● Work task
Two lines in the listing below mark the span: one contains "Saral Home White" and one contains "Single dark gray". Reproduce both of them and everything between, exactly.

● Data
[Start of Attachment]
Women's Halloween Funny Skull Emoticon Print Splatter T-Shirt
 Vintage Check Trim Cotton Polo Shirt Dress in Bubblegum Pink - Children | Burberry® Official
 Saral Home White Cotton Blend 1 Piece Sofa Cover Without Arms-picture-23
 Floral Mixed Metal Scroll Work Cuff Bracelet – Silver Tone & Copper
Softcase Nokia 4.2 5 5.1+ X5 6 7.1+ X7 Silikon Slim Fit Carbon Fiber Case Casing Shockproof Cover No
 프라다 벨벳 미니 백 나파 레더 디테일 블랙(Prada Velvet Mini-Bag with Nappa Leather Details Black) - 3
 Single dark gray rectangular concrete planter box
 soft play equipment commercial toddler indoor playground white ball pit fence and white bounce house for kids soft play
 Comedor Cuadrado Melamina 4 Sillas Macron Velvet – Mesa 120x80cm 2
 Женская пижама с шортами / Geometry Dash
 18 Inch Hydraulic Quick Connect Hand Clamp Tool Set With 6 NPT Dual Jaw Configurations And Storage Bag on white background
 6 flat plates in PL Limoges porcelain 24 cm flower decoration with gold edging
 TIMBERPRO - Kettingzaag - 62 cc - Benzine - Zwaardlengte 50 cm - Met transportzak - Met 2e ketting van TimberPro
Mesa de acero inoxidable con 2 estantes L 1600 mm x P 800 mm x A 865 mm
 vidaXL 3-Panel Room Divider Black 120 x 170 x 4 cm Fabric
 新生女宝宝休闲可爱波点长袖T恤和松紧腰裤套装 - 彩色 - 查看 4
[End of Attachment]
● Expected output
 Saral Home White Cotton Blend 1 Piece Sofa Cover Without Arms-picture-23
 Floral Mixed Metal Scroll Work Cuff Bracelet – Silver Tone & Copper
Softcase Nokia 4.2 5 5.1+ X5 6 7.1+ X7 Silikon Slim Fit Carbon Fiber Case Casing Shockproof Cover No
 프라다 벨벳 미니 백 나파 레더 디테일 블랙(Prada Velvet Mini-Bag with Nappa Leather Details Black) - 3
 Single dark gray rectangular concrete planter box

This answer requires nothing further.